The data from a subscription includes both the existing data in the table at the time of subscription creation and the incremental change records in the table after the subscription is created. You can use the method of creating a subscription cursor to retrieve the full data set or the incremental data set after a specified starting point.

This feature allows you to monitor all data changes without relying on external event stores like Kafka. Compared to the Kafka sink or other event store sinks, a subscription requires fewer components and thus, less maintenance.

PUBLIC PREVIEW

This feature is currently in public preview, meaning it is nearing the final product but may not yet be fully stable. If you encounter any issues or have feedback, please reach out to us via our Slack channel. Your input is valuable in helping us improve this feature. For more details, see our Public Preview Feature List.

Manage subscription

Use the syntax below to create, drop or alter subscription.

Create subscription

To create a subscription, use the syntax below:

CREATE SUBSCRIPTION <subscription_name> FROM <table_or_mv_name> WITH (
retention = '<duration>'
);

The FROM clause must specify either a table or a materialized view (mv).

The retention parameter should be provided as a string in the format of an interval. It represents the duration for which incremental data will be retained.
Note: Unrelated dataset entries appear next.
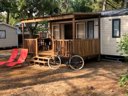Cliquez pour découvrir toutes les photos de l'HÉBERGEMENT ! mobil-home - camping Ushuaïa Villages La Conge photo 2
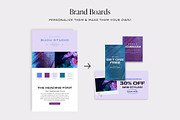 Ecommerce Shop Template Pack | Canva, a Social Media Template by Fourteen Creative Co. (Thumbnail 4 of 13)
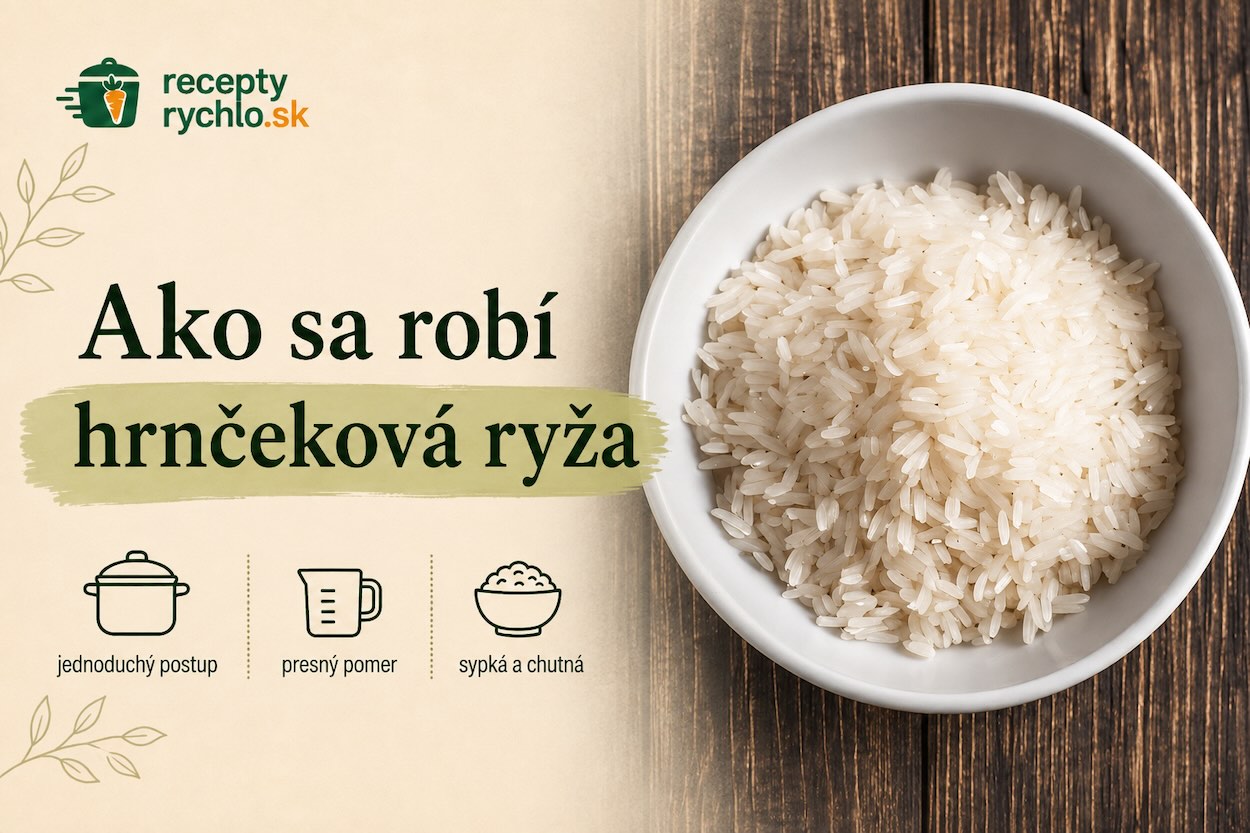 Hrnčeková ryža – jednoduchý recept bez váženia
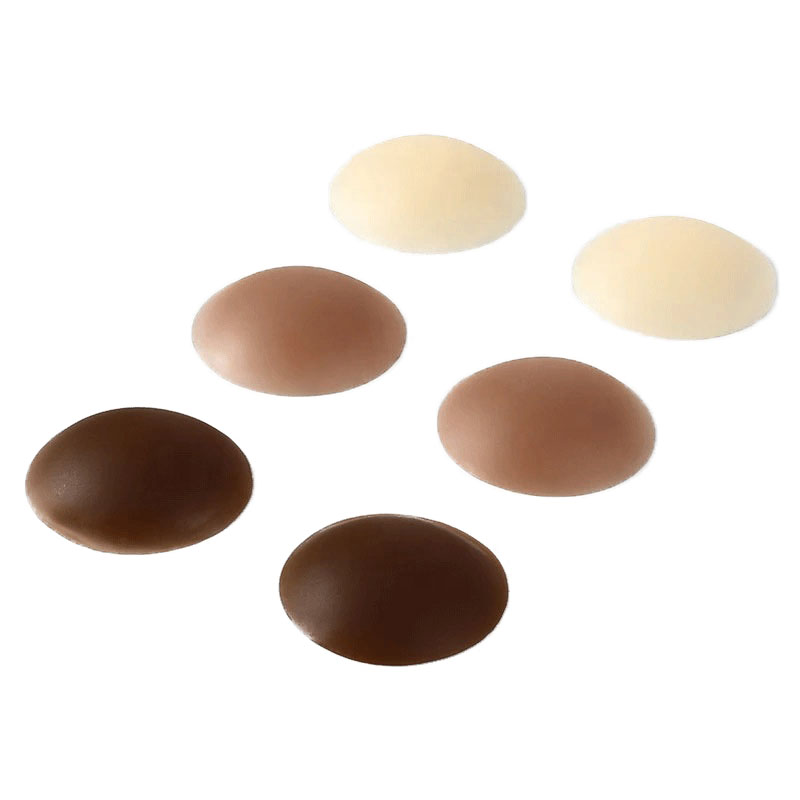 Clúdach Greamaitheach Silicone Bra Nipple Cruth Babhta Babhta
Any incremental data that exceeds the specified retention duration will be automatically deleted and will no longer be accessible.

Drop subscription

To drop a subscription, use the syntax below:

DROP SUBSCRIPTION <subscription_name>;

Alter subscription

To rename a subscription, change the owner, or set a new schema, use the syntax below:

ALTER SUBSCRIPTION <subscription_name>
    [ RENAME TO <new_subscription_name> ]
    [ OWNER TO <new_owner> ]
    [ SET SCHEMA <new_schema_name> ]
    ;

Subscription cursor

A subscription cursor is a unit used to consume data from a subscription. In RisingWave, it’s a tool specifically designed to work in conjunction with a subscription, differing from the general cursor.
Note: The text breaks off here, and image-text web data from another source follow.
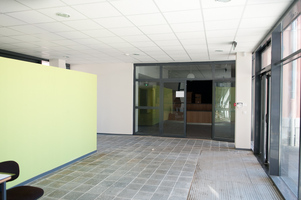 L'entrée commune à la BU et à la maison de l'Homme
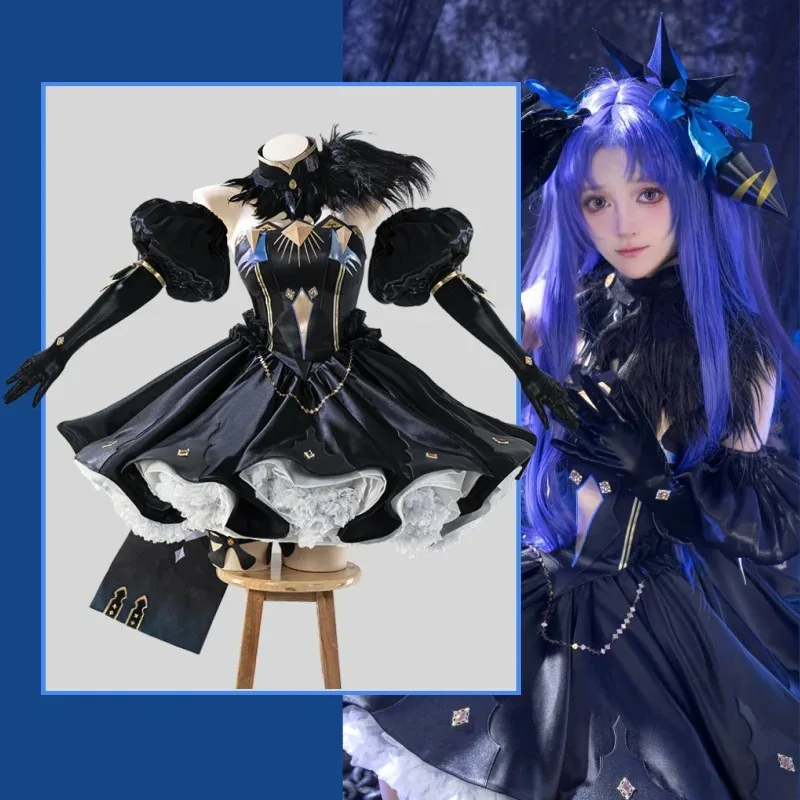 Qq28LQIN АКЦИЯ UWOWO Game Fatee/Grandd Order Ereshkigall Beastt Stagee 2, костюм для косплея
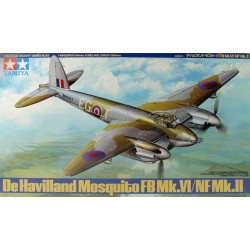 Tamiya_ De Havilland Mosquito FB Kk.VI / NF Mk.II_ 1/48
In RisingWave, the subscription cursor allows you to specify a specific starting point within the data of the subscription. Once the subscription cursor is created, you can use a loop to fetch and consume the data starting from that point onwards. A subscription can have multiple subscription cursors, which can be used to consume different ranges or intervals of data from the subscription.

Syntax

The syntax of creating a subscription cursor is as follows:

DECLARE cursor_name SUBSCRIPTION CURSOR FOR subscription_name [since_clause | FULL];

The since_clause is used to specify the starting point for reading data. By setting this clause, you can control the range of data that is returned, allowing you to retrieve only the incremental data or data starting from a specific time or event.

Below are the available choices for since_clause. If you don’t specify the since_clause, the returned data will just include the incremental data after declaration, which equals to the first choice below.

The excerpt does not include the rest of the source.